Jack Bush, “Blue Studio” (1968), acrylic on canvas, gift of Lewis P. Cabot in honor of Charles W. Millard III, (photograph © Museum of Fine Arts, Boston)

“Blue Studio,” an acrylic painting from 1968, is one of a handful of “fringe” pieces painted that year that feature bands of color stacked more or less evenly along the right edge of the canvas, with the remaining three-quarters or so of the canvas painted a single hue, here a mild blue. In this iteration, the painting resembles a reverse flag. Bush left part of the canvas, in the lower right-hand corner, unpainted, and the fringe stripes to the right are not evenly rectangular and vary in size. These irregularities imbue the image with energy, and a sense of engaging imperfection.

Jack Bush, “Down and Across” (1974), acrylic on canvas, gift of Susan K. and Lewis P. Cabot (photograph © Museum of Fine Arts, Boston)

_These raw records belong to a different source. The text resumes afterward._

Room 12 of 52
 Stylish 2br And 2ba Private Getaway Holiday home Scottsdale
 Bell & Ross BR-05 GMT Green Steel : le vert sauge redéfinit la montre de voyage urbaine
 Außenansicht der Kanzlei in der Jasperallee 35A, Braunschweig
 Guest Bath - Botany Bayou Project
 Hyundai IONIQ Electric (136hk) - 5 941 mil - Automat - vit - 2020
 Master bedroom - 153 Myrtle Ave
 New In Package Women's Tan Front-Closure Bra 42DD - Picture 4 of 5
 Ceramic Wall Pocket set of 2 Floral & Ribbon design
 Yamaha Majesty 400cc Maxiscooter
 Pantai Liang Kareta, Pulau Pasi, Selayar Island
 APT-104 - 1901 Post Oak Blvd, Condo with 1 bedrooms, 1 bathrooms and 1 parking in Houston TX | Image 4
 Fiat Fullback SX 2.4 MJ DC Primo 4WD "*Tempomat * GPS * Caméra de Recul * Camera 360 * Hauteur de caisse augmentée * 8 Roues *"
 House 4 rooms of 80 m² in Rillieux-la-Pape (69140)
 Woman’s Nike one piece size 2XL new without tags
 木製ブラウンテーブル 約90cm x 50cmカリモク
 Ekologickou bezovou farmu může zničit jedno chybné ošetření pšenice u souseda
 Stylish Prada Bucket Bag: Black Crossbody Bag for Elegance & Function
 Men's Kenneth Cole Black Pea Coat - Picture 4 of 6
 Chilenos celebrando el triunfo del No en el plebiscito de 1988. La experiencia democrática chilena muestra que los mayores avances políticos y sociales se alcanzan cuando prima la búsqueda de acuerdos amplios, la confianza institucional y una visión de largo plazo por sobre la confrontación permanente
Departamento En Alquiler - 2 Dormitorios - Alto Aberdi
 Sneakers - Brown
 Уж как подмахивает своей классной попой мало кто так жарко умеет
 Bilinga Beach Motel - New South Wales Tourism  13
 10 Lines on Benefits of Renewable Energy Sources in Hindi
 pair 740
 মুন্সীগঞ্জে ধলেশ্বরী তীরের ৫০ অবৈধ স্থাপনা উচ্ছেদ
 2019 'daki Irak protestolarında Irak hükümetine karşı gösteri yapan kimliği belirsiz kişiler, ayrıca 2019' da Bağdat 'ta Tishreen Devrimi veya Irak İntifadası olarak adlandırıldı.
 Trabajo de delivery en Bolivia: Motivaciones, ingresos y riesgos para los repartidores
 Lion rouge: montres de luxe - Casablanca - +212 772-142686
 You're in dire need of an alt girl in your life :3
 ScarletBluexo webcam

“Down and Across” (1974) is the most visually compelling of three pieces on display at the MFA. Two elongated color patch strips intersect at one end to form an open straight-razor- or scissors-like shape set against a mottled blue ground. The title describes the two main elements in the painting, one vertical, the other horizontal, but the piece is more lyric and enlivened, reminiscent of color field painting. The shapes have motion, like pieces of driftwood floating in water.

“Radiant” doesn’t seem quite right to describe the trio of paintings, two of which are recent acquisitions. They contain plenty of light, and the colors are vibrant, even somewhat exuberant, but they are slightly removed from, say, the radiance of Kenneth Noland or the luminosity of Rothko. More than color-field eye candy, they hold their own as engaging abstracts.

How John “Jack” Hamilton Bush came to create these paintings makes for a somewhat curious art-historical tale. Born in Toronto, he grew up in Montreal where he studied at the Royal Canadian Academy. He started out as a rather provincial landscape painter, working en plein air in watercolor and gouache; farm and village scenes were among his favorite subjects. He also painted figures and still lifes in oil. His work from the 1940s recalls at times the atmospheric landscapes of Charles Burchfield; at other times, it has a quasi-cubist look.

At the same time Bush was a successful graphic artist, working first at his father’s firm, Rapid Electro Type Company, in Montreal, and then moving to Toronto. He was a fine draftsman, turning out illustrations for magazines and advertisements for various products, including Molson’s beer. He remained in this line of work until 1968. Yet his exposure to the work of Abstract Expressionists in New York City in the 1950s set him on another course, one that would define him as a painter. He became a member of the Painters Eleven, an artist collective committed to abstraction, active in the Toronto area from 1953 to 1960; he organized their first show in 1954.

Bush also became friends with the renowned art critic Clement Greenberg, who traveled to Toronto in 1957 to visit artist’s studios. Greenberg encouraged Bush to pursue his abstract inclinations and helped move his career forward, including him in the groundbreaking Post-Painterly Abstraction exhibition at the Los Angeles County Museum of Art in 1964.

At his height, Bush achieved a stature similar to his friend and fellow color field painter Kenneth Noland. The curators of the MFA show cite an exchange between the two painters to underscore Bush’s love of color. “What I’d really like to do is hit Matisse’s ball out of the park,” he once confessed, to which Noland is said to have replied, “Go ahead, Matisse won’t mind at all.”

Bush’s work has been celebrated in his home country in recent years, most notably in a major retrospective at the National Gallery of Canada in Ottawa in 2014-2015 and a show of 20 pieces at the McMichael Canadian Art Collection in Kleinburg, Ontario, near Toronto, in 2016-2017. It’s nice to have a dash of Jack Bush in Boston.

Jack Bush: Radiant Abstraction continues at the Boston Museum of Fine Arts (465 Huntington Avenue) through April 21.